A cleanup crew member joined us, unzipping a red duffel bag. They unfolded a large tube of red and clear plastic. “Your chariot, sir.”

Oh. Boy. “What, no first class?”

Cassie shot me a wry look through her hazmat suit’s window. “Sorry, the suits vent into the environment.”

Right. I couldn’t be allowed to exhale heaven only knew what while I was being taken—where?

“Admit it,” Cassie said, “you’ve always dreamed of having peons haul your litter around.”

The humor kept me grounded in the present. One panic attack at a time. “Dreamed of?” I countered. “How do you think I get to work every day?”

Cassie had to step out to allow us the space to lay out the isolation tube. At least I’d be able to see out of the clear plastic front. As long as I didn’t focus on the small space or the numbers of tubes and filters that protected the outside world from me, it was going to be a breeze to lay down in this six-foot cylinder to be toted around.

I glanced up to where Cassie had retreated, back inside my office. She gave me a little nod.

I could do this. Cassie was an infectious disease fellow. She wasn’t going to let me die.

I lay down in the tube and let the cleanup crew secure me. I wasn’t claustrophobic, especially not when I could see out—but I was learning I was very, very afraid of a terrible death by bacteria, virus or toxin.

My projects all last year had been updating the Napa County biologic emergency information sheets. As the cleanup crew lifted the litter, the biowarfare agent table streamed through my mind again.

Anthrax.
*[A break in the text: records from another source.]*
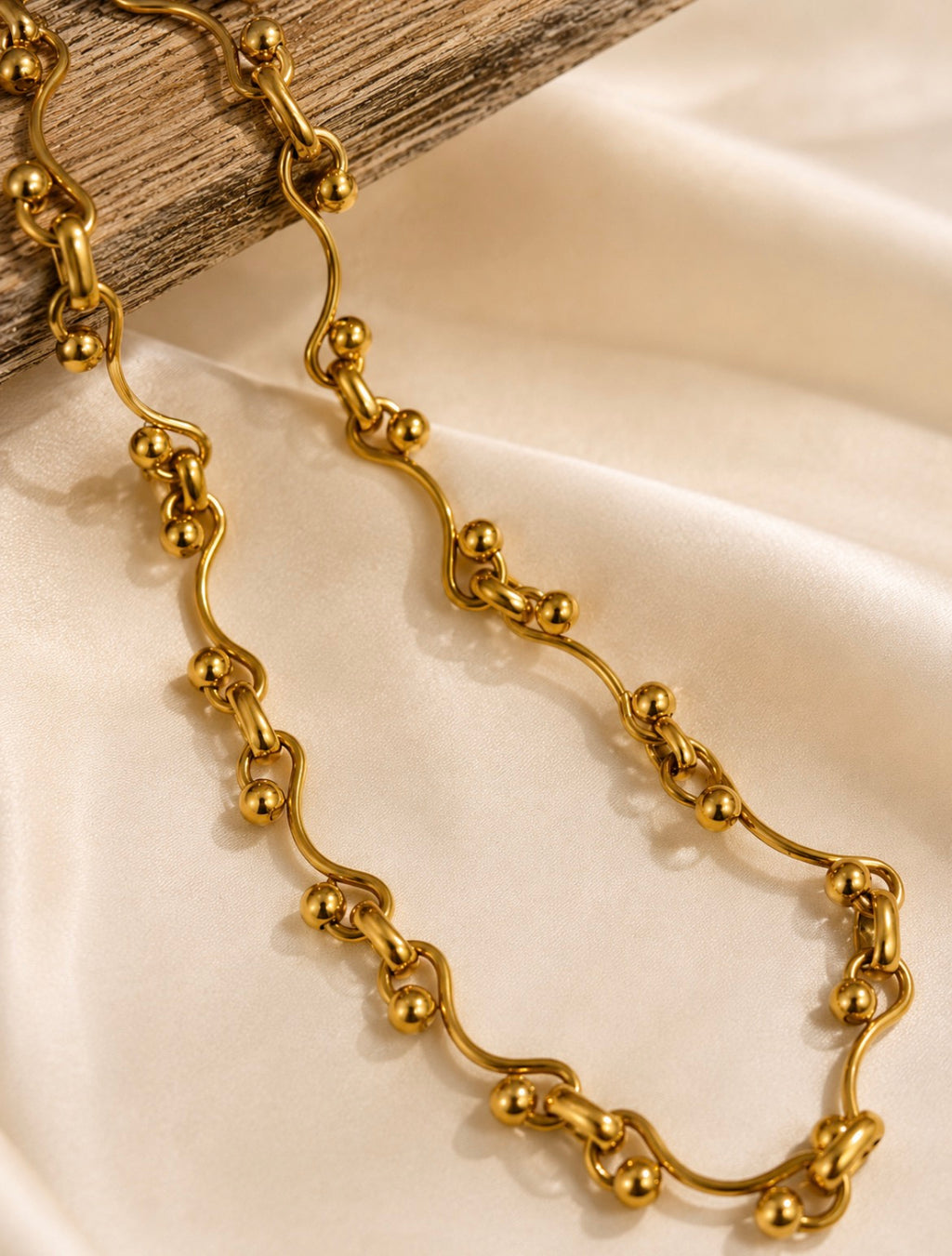 Mennos Wave Necklace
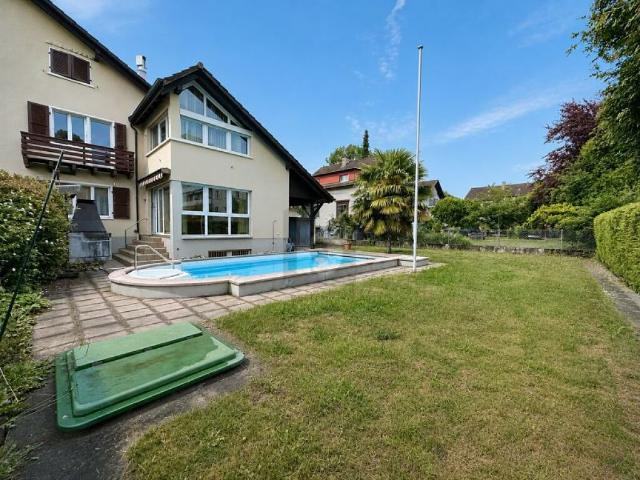 GARTEN TRAUM MIT POOL UND GARAGENBOX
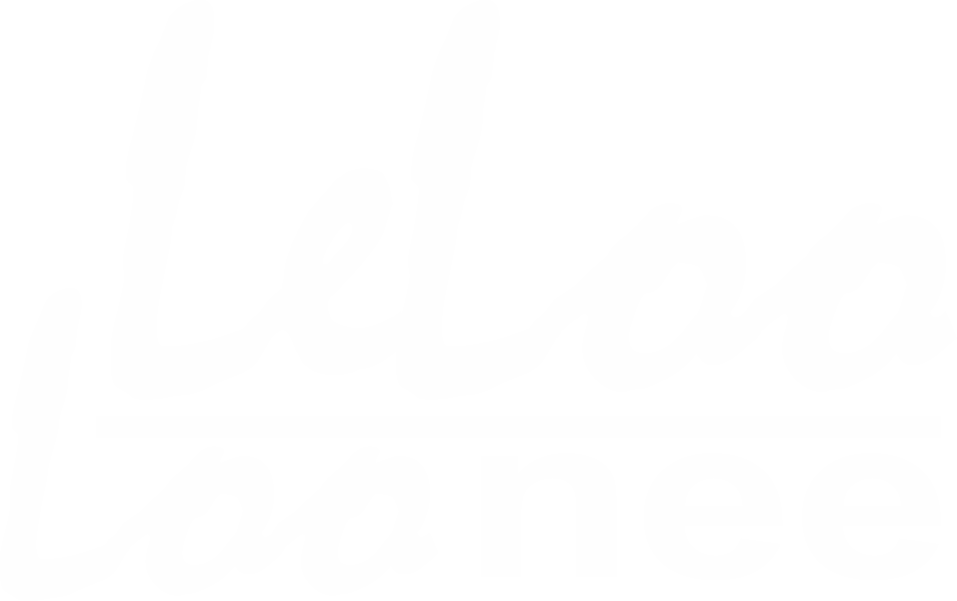 Leloo Loonee White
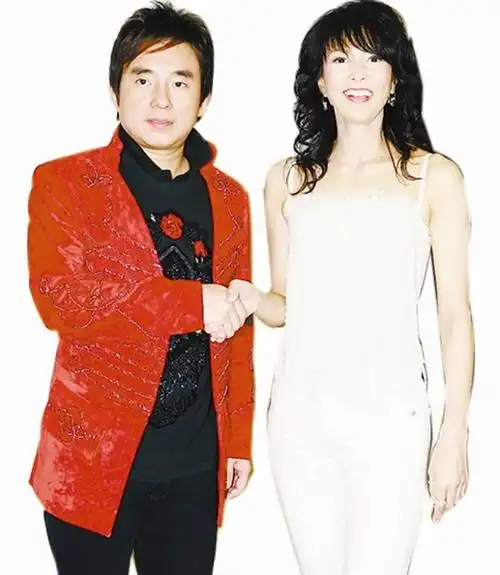 62岁郑裕玲和72岁汪明荃同框两大女神韶华不再却仍风韵犹存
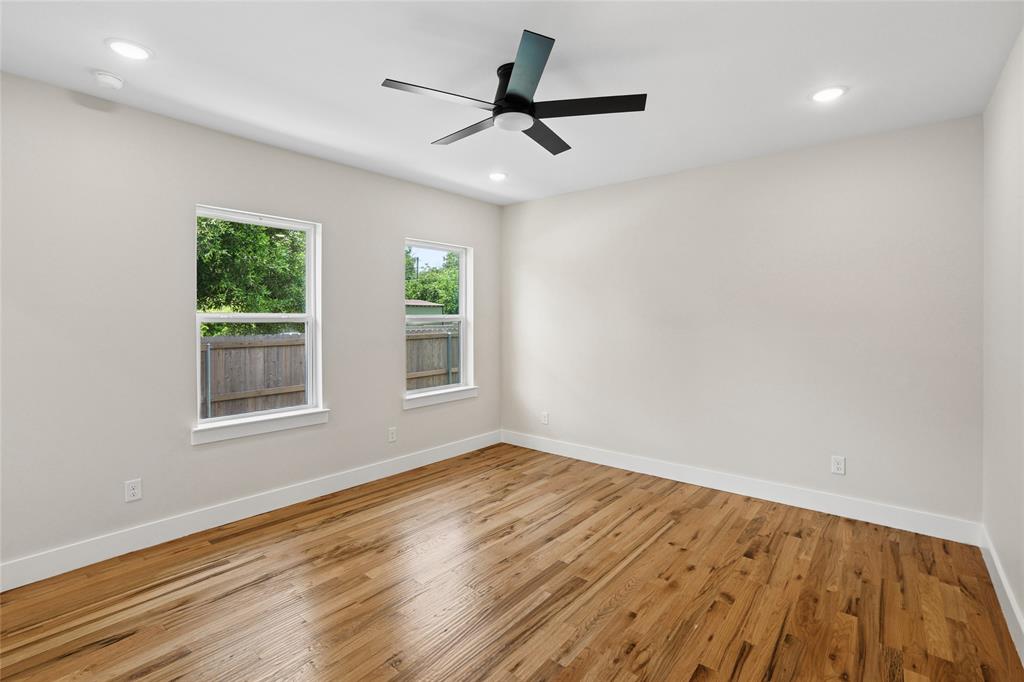 WINNETKA HEIGHTS - Residential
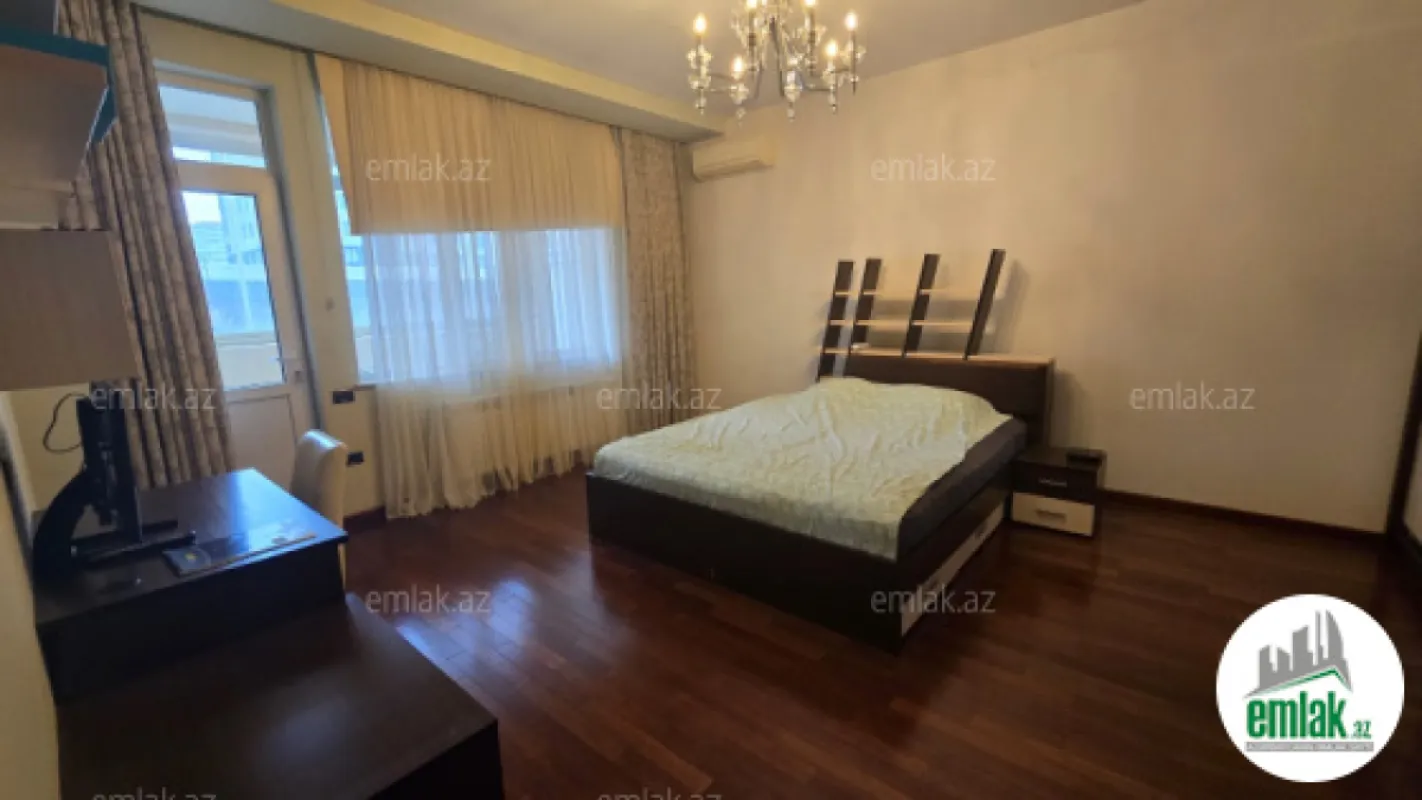 Satılır 3 otaqlı yeni tikili 157 m²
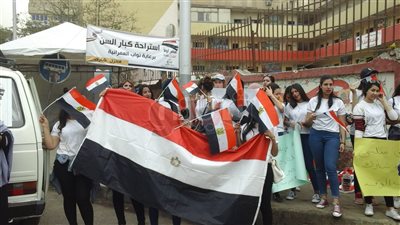 حسناوات الهرم يستقبلن المواطنين أمام لجان الانتخابات (صور)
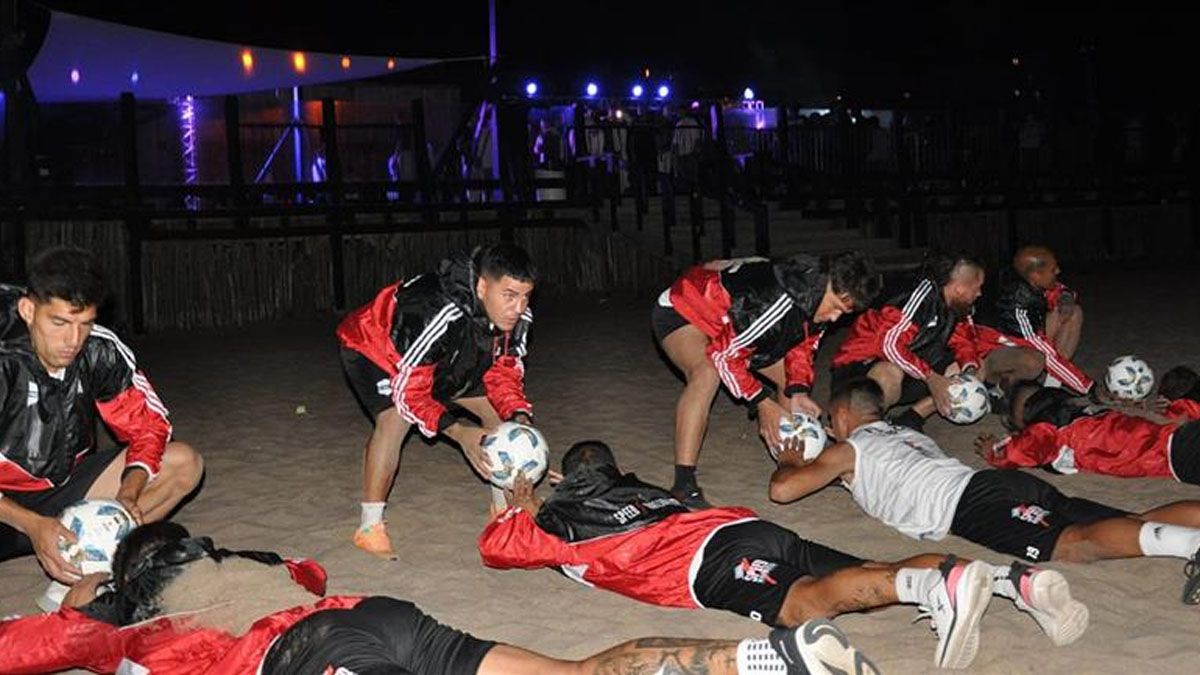 La insólita pretemporada de Riestra: entrenaron a las 4 de la madrugada al lado de ¡un boliche!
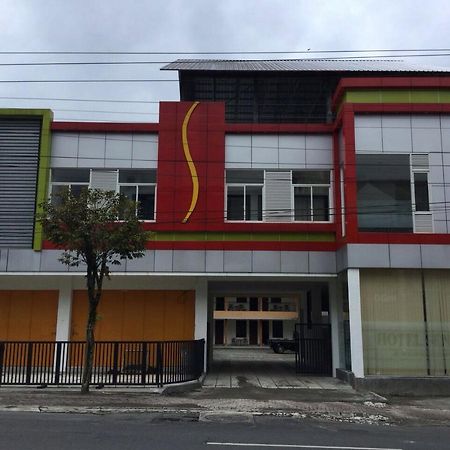 Sentro Hotel Wonosobo Ngoại thất bức ảnh
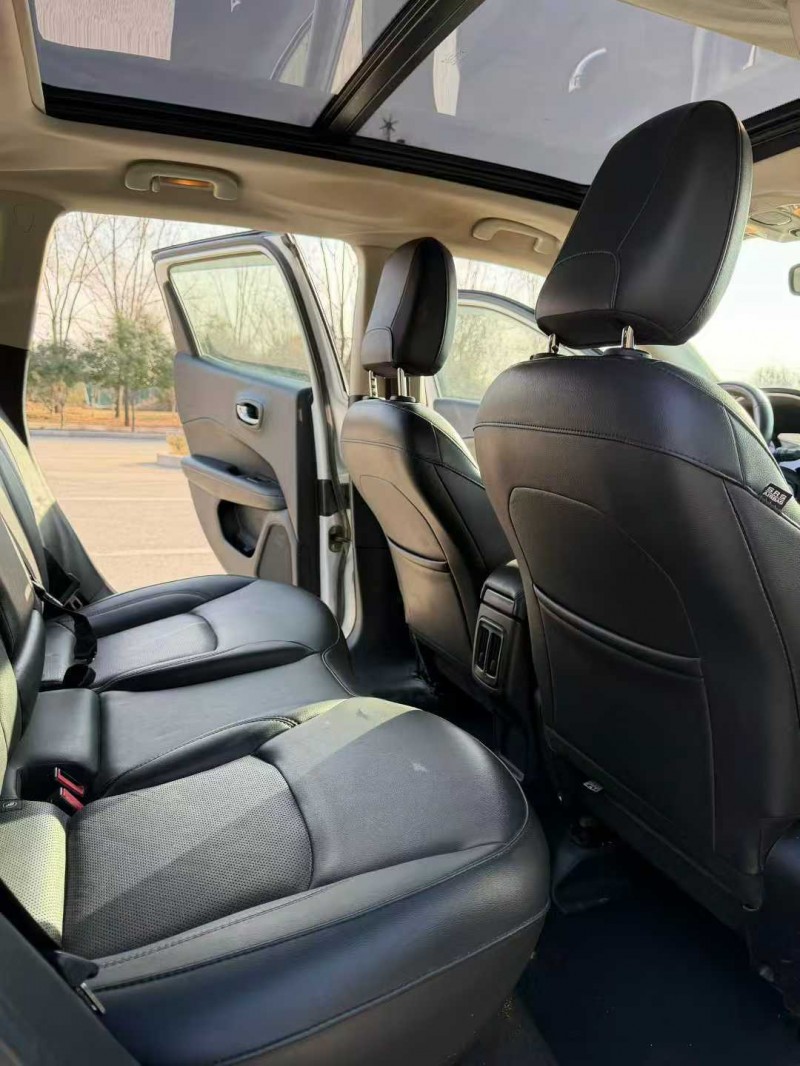 济宁18年Jeep指南者4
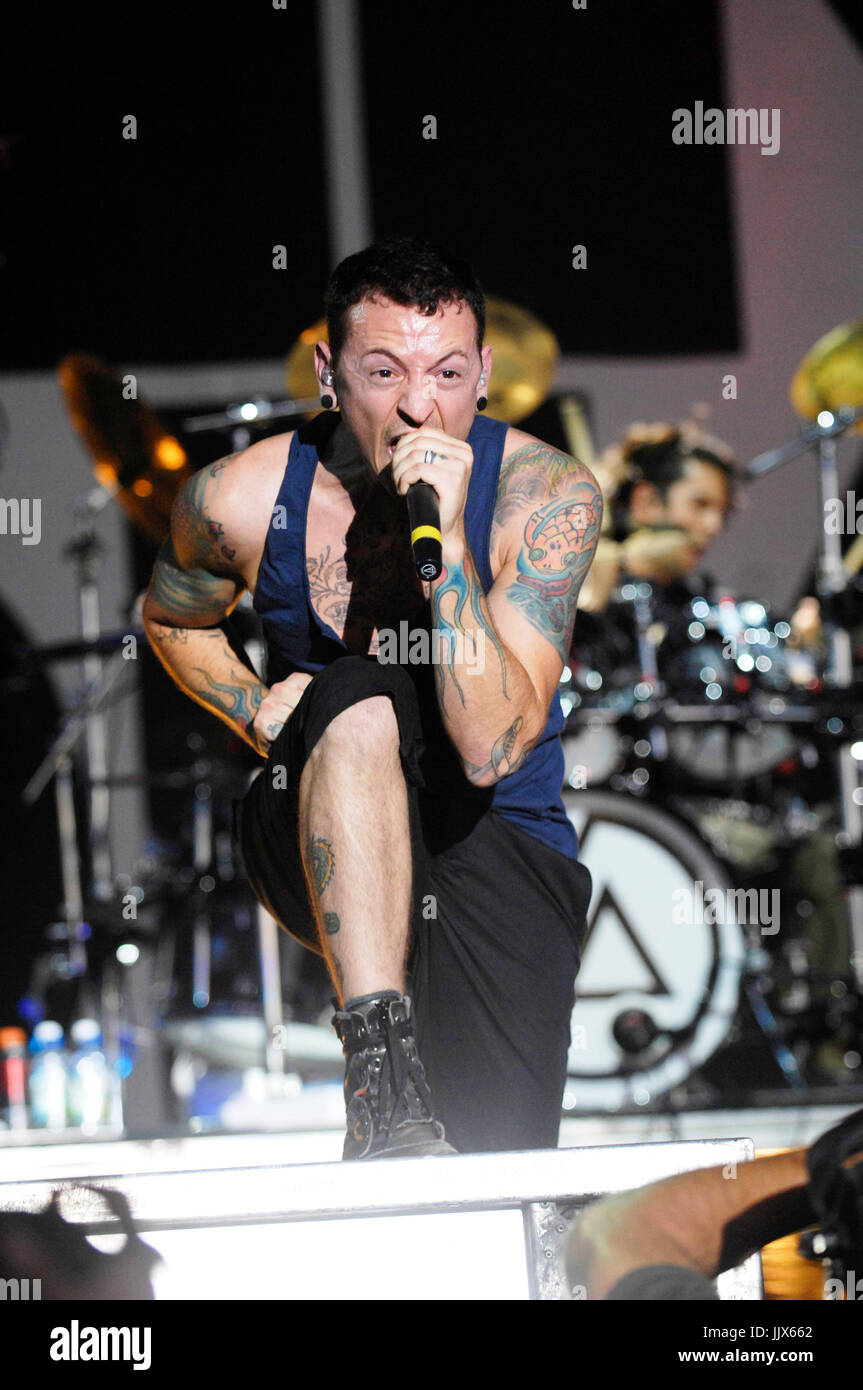 Chester bennington linkin park esegue 2009 kroq epicentro pomona fairplex pomona. Foto Stock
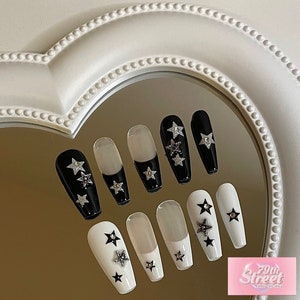 Black n white star  | Handmade press on nails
Plague. Botulism—no, that required food and water. Not tularemia either. But smallpox. Brucellosis. Q fever. Mycotoxins. Ricin.

The tube landed on a waiting gurney, jolting me from my rampant thoughts. “Sorry, sir.” Cassie had to raise her voice even more to be heard through both of our PPE. “You know how hard it is to find good help these days.”

I nodded and tried to keep my breathing steady. Was this shortness of breath the early effects of that powder or just panic?

The gurney began rolling, and I watched the fluorescent lights stream by overhead.

If it were ricin, I’d already be dead. And arsenic and cyanide. Well, I could have been exposed to a sublethal dose. We really only worried about mass poisoning events in public health, but didn’t that cause... lung problems? A lot of these did, especially if inhaled.

As if triggered by the thought, my breath caught in my chest. There wasn’t enough air in this tube. For half a second, I was a little boy again, alone in a hospital on the other side of the world from his parents—or at least the few staff members who cared about me—struggling to breathe.

At my feet, Cassie adjusted something on the isolation unit tubing and cool air began to flow again.

I kept my eyes on her through the surprisingly disorienting ride and its various bumps and turns. I’d walked these halls for more than a month, but I had no idea where we were.

But Cassie was still here. So I was going to be okay.

I hoped.

The walk to Infectious Disease had never felt this long from anywhere in the hospital, let alone a unit on the same floor. I glanced down at Davis again; his wide blue eyes fixed on mine like I was a lighthouse leading him through treacherous territory. I had to keep him calm, and to keep him calm, I had to maintain my own perfect peace and pretend the sweat already running down my back was just from wearing the hazmat suit. I reminded myself to keep my breathing even and slow to conserve a limited amount of air.

For all my confidence, I had no idea what was going to happen to Davis, but I couldn’t let him panic. I patted the containment unit, so many layers of PPE between us that I could only hope the comfort connected.